10 investors own sites for 30,000 homes, data shows, with interest from Abu Dhabi and China in Hyde Park site

Greenwich peninsula
An illustration of the Greenwich Peninsula development, which will include three-bedroom flats costing more than £800,000.

The control of plans for tens of thousands of new homes in London is now in the hands of foreign investors who are increasing their grip on the capital’s prime property assets, figures obtained by the Guardian have revealed.

Sites for close to 30,000 homes are owned by just 10 investors in Hong Kong, China, Malaysia, Australia, Singapore and Sweden, sparking warnings from politicians and housing industry experts that too many are being built to act as “safe deposit boxes” for international investors rather than for Londoners in housing need.

Foreign owners seizing on the London housing market include the Usaha Tegas Group, owned by Malaysian billionaire Ananda Krishnan, which has submitted plans for 104 luxury homes on the site of the former St John’s Wood barracks, with apartments expected to sell for up to £5m each and seven-bedroom stone-clad detached mansions around landscaped gardens that will go for more.

Knight Dragon, a company owned by Hong Kong billionaire Henry Cheng Kar-shun, has consent to build 10,000 homes on the Greenwich peninsula, including three-bedroom apartments, with interiors designed by Conran & Partners, costing above £800,000.

More than a quarter of the homes in large developments of over 1,000 units in the capital are being built by foreign investors, according to data provided to the Guardian by Molior Consulting.

“There is a huge concern,” said Joan Ruddock, MP for Lewisham Deptford, where Hong Kong-listed conglomerate Hutchison Whampoa is behind plans for 3,500 homes. “This is global capitalism and we have to find a way around it. There have to be some tougher controls about the balance between housing for the more well off and affordable housing, and I mean genuinely affordable. The capital will not be sustainable unless people in the public services can afford to live here. We are pricing them out.”

Investors from China and an Abu Dhabi sovereign wealth fund are also reported to be interested in bidding for the Hyde Park barracks site which is likely to be sold by the Ministry of Defence for about £650m. It is expected to be transformed into “super-prime” housing.

Ikea, the Swedish furniture giant, is developing a 1,200-home scheme next to the Olympic Park in east London after outbidding a UK firm for the site.

 

 

 

 

 

 

 

 

 

 

 

 

 

 

 

 

 

 

 

 

 

 

 

 

 

 

 

 

 

 

 

 

 

 

 

“There is a perception these major residential developments backed by international money, particularly in super-high towers, only serve a market for overseas investors who want to buy a luxury flat in a skyscraper to treat as a safety deposit box,” said Nicky Gavron, the former deputy mayor of London and chair of the London assembly’s planning committee. “Such properties often become buy-to-leave investments and don’t meet the needs of Londoners.

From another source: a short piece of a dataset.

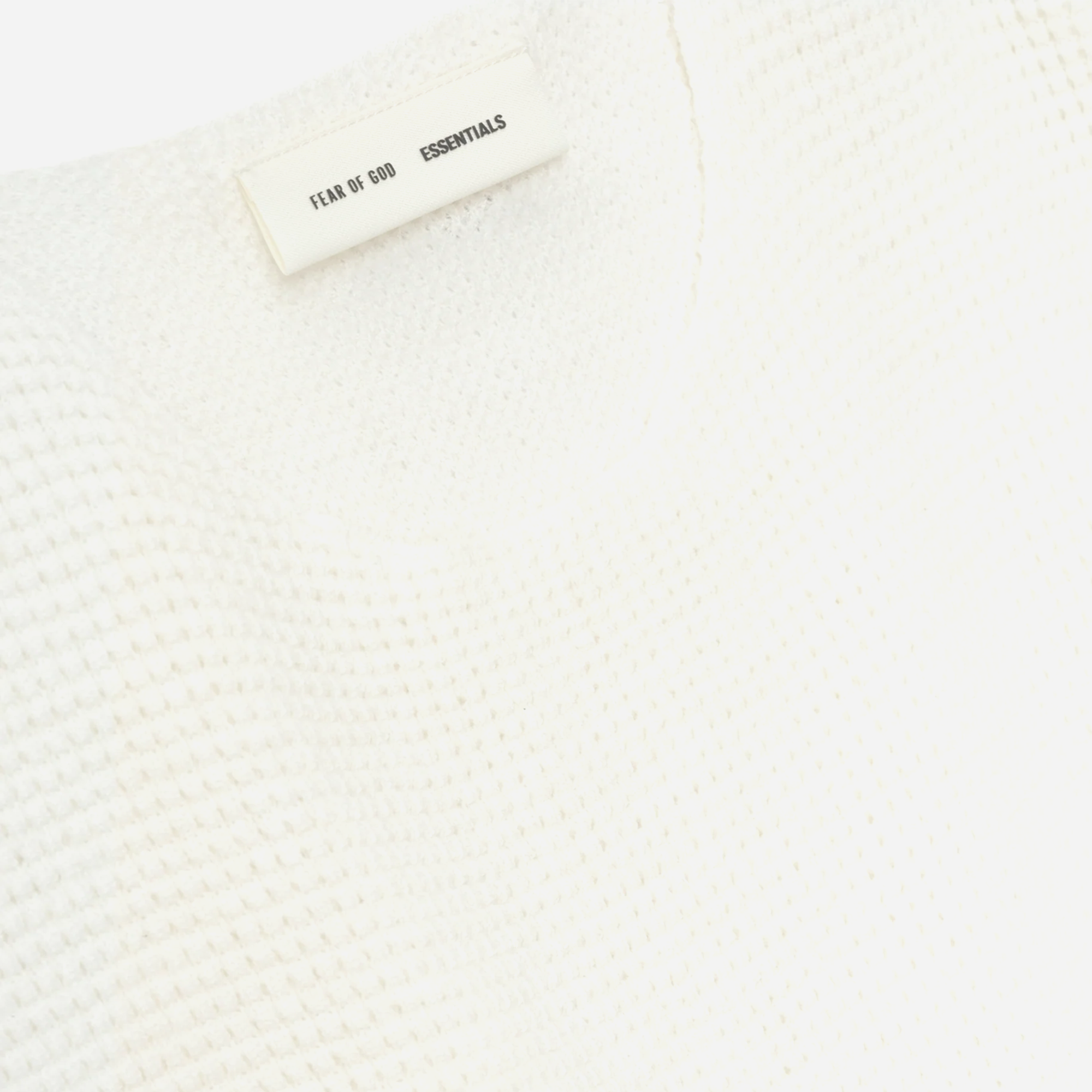 Fear Of God Essentials SS25 Waffle Crewneck Sweater- Cloud-White - view 2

London is in the midst of a housing crisis – what we need is mixed-income housing where people actually live.”

Royal Wharf, a development of 3,400 homes by Singapore developer Oxley Holdings in east London, was launched in Beijing, Shanghai, Kuwait, Abu Dhabi, Dubai, Hong Kong, Singapore and London. In November the London mayor, Boris Johnson, led a trade delegation to Malaysia, Singapore and Indonesia during which he promoted investment in housing schemes in the capital by government and private investors.

The pivotal role of foreign governments in London’s housing market was revealed in November when Malaysia’s housing minister, Datuk Rahman Dahlan, was chosen to launch the latest phase of homes at the revamped Battersea Power Station and a new open space was named Malaysia Square.

City Hall’s position is that overseas investment is a long-standing feature of all major cities and without it fewer homes, including those classed as affordable, would be built and fewer jobs created. Johnson insists foreign investment is needed specifically to unlock complex regeneration schemes, such as Battersea.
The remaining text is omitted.